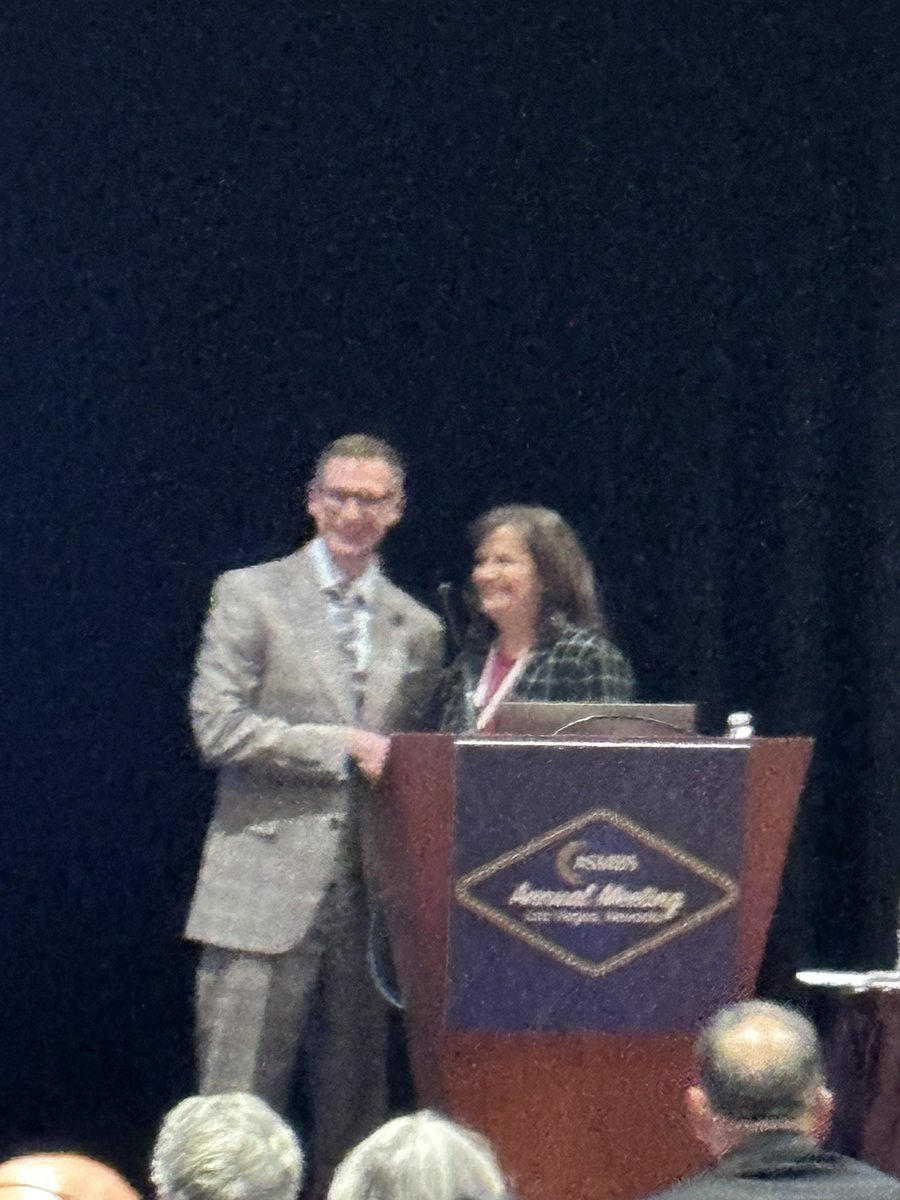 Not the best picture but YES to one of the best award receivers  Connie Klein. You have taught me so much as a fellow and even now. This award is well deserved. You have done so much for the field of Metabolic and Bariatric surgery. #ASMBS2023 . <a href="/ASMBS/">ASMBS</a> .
...
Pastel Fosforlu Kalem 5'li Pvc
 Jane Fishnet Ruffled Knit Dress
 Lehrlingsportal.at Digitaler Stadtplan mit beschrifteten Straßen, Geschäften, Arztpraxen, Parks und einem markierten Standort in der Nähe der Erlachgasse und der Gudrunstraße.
---
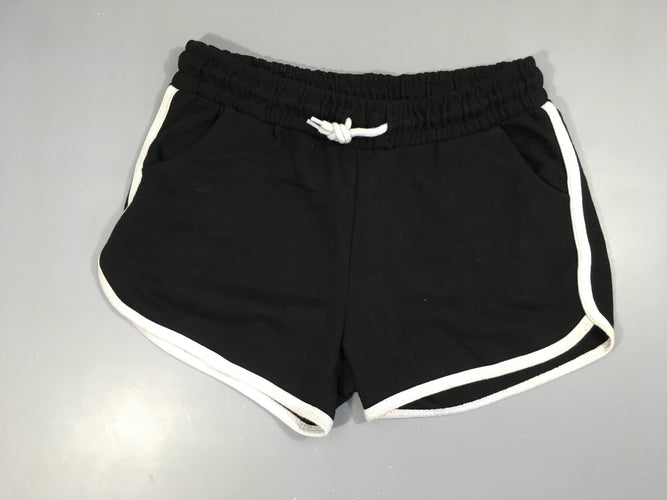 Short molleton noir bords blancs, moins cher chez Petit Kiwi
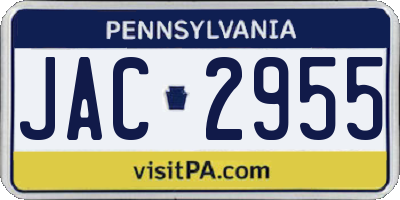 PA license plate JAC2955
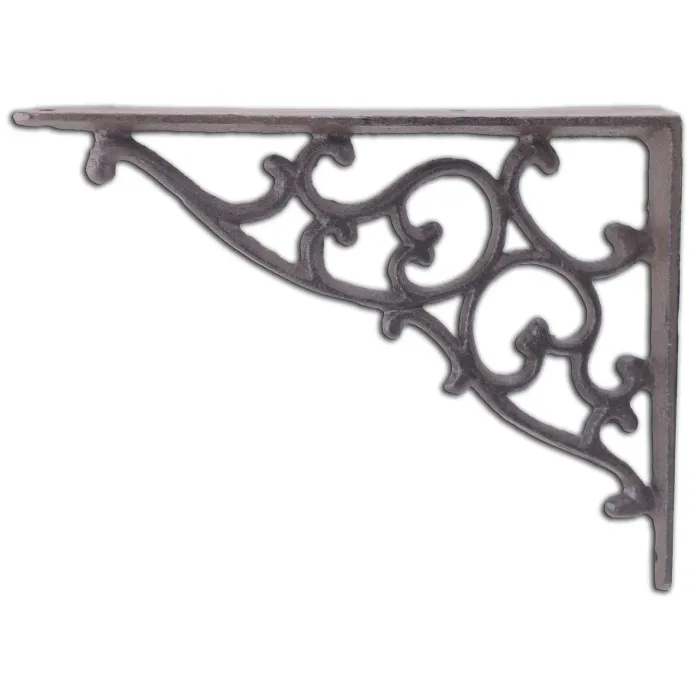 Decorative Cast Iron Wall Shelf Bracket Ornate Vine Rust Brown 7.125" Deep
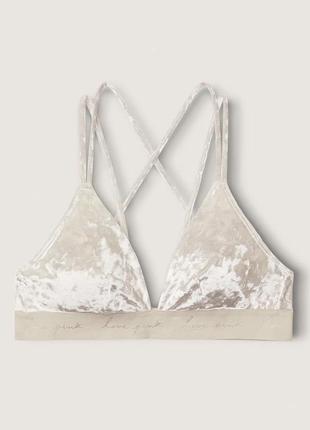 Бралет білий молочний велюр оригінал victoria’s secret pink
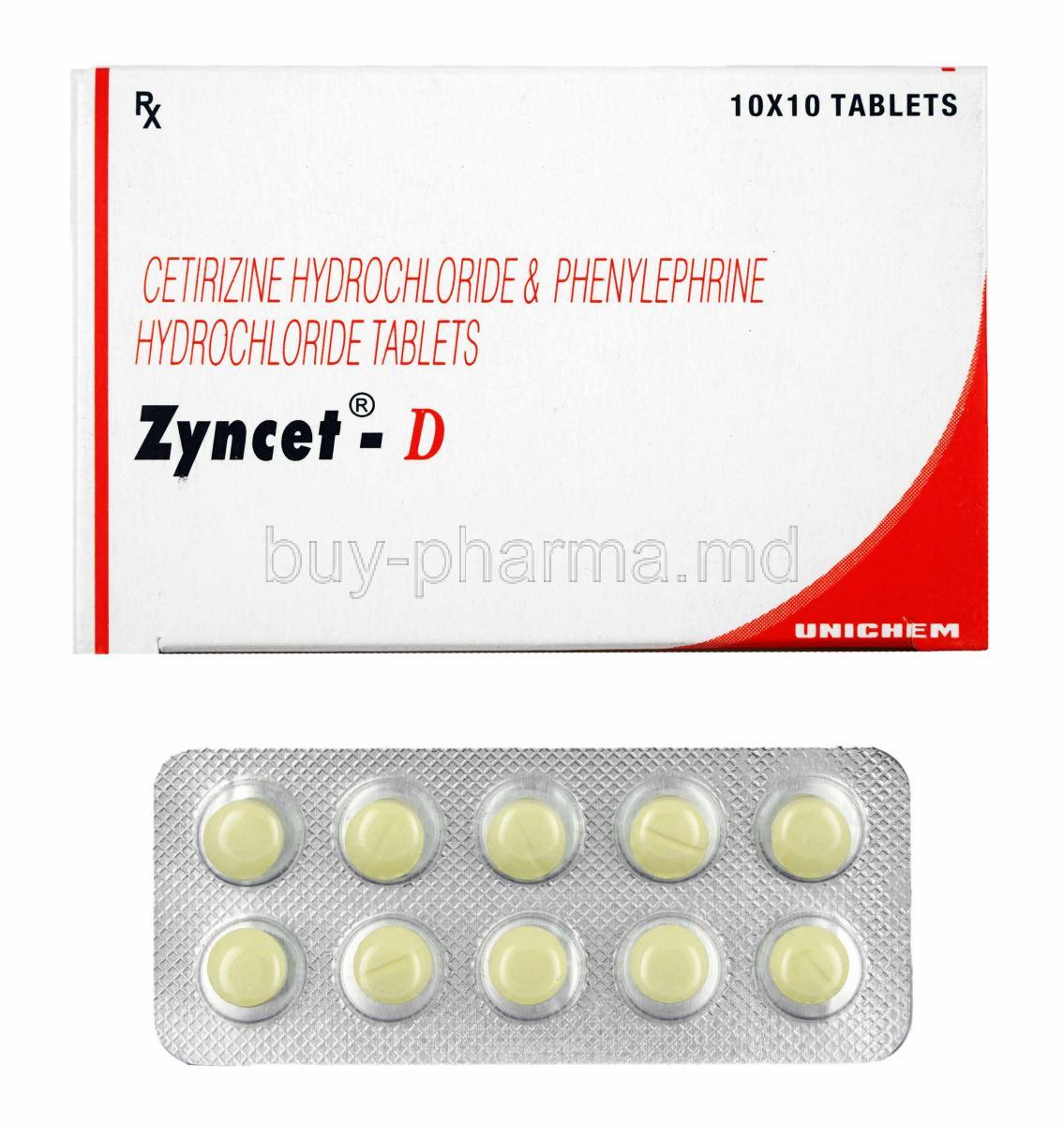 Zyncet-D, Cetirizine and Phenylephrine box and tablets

- [Exercise]: Using the listing above, reproduce word for word every line from the one containing "Decorative Cast Iron" through the one containing "Zyncet-D, Cetirizine and". Pictures must be left out.

- [Answer below]:
 Decorative Cast Iron Wall Shelf Bracket Ornate Vine Rust Brown 7.125" Deep
 Бралет білий молочний велюр оригінал victoria’s secret pink
 Zyncet-D, Cetirizine and Phenylephrine box and tablets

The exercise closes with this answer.